Imagine you are developing a web-application and you decide to decouple the functionality from the presentation of the application, because it affords greater freedom.

You create an API and let others implement their own front-ends over it as well. What you just did here is implement an SOA methodology, i.e. using web-services.

Web services make functional building-blocks accessible over standard
Internet protocols independent of platforms and programming languages.

So, you design an interchange mechanism between the back-end (web-service) that does the processing and generation of something useful, and the front-end (which consumes the data), which could be anything. (A web, mobile, or desktop application, or another web-service). The only limitation here is that the front-end and back-end must “speak” the same “language”.


That’s where SOAP and REST come in.
They are standard ways you’d pick communicate with the web-service.

SOAP:

SOAP internally uses XML to send data back and forth. SOAP messages have rigid structure and the response XML then needs to be parsed.
WSDL is a specification of what requests can be made, with which parameters, and what they will return. It is a complete specification of your API.

REST:

REST is a design concept.

The World Wide Web represents the largest implementation of a system
conforming to the REST architectural style.

It isn’t as rigid as SOAP. RESTful web-services use standard URIs and methods to make calls to the webservice.
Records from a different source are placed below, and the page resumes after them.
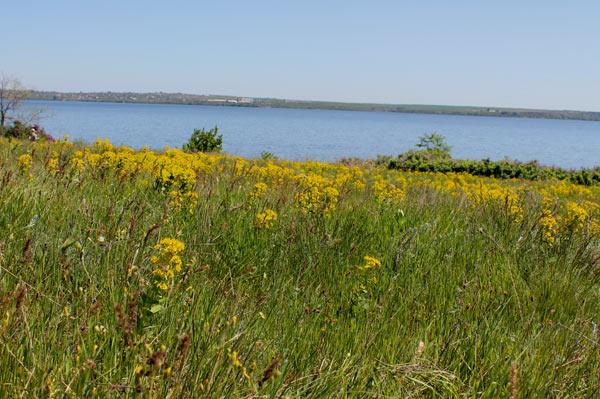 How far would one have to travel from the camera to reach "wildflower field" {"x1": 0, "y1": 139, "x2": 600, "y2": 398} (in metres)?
2.31

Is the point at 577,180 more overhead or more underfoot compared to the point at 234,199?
more underfoot

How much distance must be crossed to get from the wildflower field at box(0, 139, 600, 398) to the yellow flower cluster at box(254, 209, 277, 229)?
0.05 ft

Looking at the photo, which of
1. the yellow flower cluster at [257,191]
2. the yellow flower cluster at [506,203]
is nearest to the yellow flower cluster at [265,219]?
the yellow flower cluster at [257,191]

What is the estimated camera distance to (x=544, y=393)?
9.34 feet

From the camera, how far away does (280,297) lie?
346 centimetres

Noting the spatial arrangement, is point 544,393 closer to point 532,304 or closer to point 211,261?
point 532,304

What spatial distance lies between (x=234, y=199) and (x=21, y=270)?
10.8ft

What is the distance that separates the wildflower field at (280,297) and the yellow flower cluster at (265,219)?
2cm

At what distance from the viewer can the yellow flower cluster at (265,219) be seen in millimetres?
4728

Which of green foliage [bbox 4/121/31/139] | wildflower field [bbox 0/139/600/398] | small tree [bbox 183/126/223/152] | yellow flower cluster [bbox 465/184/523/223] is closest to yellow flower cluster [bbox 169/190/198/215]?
wildflower field [bbox 0/139/600/398]

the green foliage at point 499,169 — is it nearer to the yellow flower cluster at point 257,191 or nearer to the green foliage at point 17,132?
the green foliage at point 17,132

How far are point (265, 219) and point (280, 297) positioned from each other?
1.44m

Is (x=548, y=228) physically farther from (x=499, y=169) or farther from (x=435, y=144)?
(x=435, y=144)

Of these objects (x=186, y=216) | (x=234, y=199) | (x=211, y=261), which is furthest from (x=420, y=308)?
(x=234, y=199) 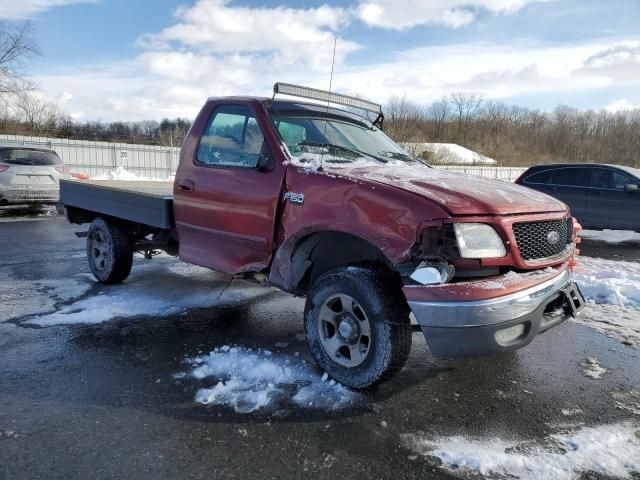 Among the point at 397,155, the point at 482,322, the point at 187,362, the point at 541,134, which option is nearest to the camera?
the point at 482,322

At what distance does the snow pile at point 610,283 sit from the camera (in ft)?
18.4

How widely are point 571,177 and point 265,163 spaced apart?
882 centimetres

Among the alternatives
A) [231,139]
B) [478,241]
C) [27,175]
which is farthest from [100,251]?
[27,175]

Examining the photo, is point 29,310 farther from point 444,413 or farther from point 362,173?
point 444,413

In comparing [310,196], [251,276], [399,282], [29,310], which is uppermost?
[310,196]

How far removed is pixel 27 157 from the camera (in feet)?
37.9

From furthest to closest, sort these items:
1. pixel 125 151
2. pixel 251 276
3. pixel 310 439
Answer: pixel 125 151, pixel 251 276, pixel 310 439

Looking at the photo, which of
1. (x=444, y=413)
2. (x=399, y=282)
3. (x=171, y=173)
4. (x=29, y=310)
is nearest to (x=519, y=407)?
(x=444, y=413)

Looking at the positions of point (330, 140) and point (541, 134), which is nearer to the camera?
point (330, 140)

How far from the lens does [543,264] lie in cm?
322

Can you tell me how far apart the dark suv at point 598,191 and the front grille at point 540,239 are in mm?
7555

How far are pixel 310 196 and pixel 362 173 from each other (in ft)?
1.28

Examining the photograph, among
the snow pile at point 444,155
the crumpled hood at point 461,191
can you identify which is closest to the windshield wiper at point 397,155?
the crumpled hood at point 461,191

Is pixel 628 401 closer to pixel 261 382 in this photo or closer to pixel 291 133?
pixel 261 382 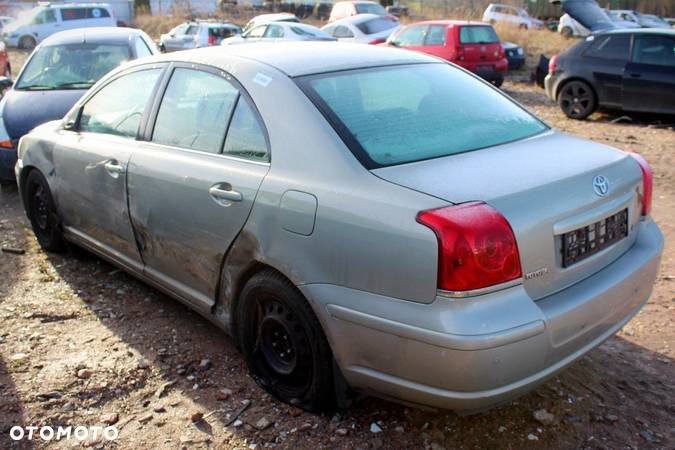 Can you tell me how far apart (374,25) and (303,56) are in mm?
17052

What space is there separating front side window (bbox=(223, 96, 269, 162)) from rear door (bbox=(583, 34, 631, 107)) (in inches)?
362

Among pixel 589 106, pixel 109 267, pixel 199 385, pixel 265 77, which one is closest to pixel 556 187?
pixel 265 77

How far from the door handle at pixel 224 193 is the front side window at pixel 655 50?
944 cm

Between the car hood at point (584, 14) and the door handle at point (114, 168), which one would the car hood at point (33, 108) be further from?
the car hood at point (584, 14)

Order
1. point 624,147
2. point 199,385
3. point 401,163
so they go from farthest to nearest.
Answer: point 624,147
point 199,385
point 401,163

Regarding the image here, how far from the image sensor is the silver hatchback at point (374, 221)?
242 centimetres

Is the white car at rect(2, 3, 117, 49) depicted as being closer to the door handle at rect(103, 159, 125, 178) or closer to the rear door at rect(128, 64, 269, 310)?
the door handle at rect(103, 159, 125, 178)

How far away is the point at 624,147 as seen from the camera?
902 centimetres

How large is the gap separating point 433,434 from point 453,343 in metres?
0.77

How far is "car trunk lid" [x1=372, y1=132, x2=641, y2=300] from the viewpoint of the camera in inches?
98.1

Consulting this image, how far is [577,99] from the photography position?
1141cm

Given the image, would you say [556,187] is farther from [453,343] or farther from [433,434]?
[433,434]

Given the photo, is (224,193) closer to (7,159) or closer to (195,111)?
(195,111)

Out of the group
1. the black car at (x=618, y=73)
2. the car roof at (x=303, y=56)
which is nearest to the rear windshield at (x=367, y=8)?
the black car at (x=618, y=73) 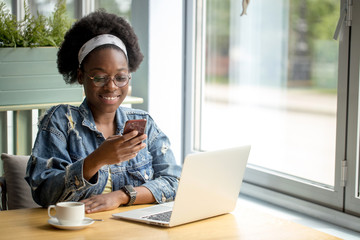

When you request a URI, it returns the representation of an object, that you can then perform operations upon (e.g. GET, PUT, POST, DELETE). You are not limited to picking XML to represent data, you could pick anything really (JSON included)

Flickr’s REST API goes further and lets you return images as well.


JSON and XML, are functionally equivalent, and common choices. There are also RPC-based frameworks like GRPC based on Protobufs, and Apache Thrift that can be used for communication between the API producers and consumers. The most common format used by web APIs is JSON because of it is easy to use and parse in every language.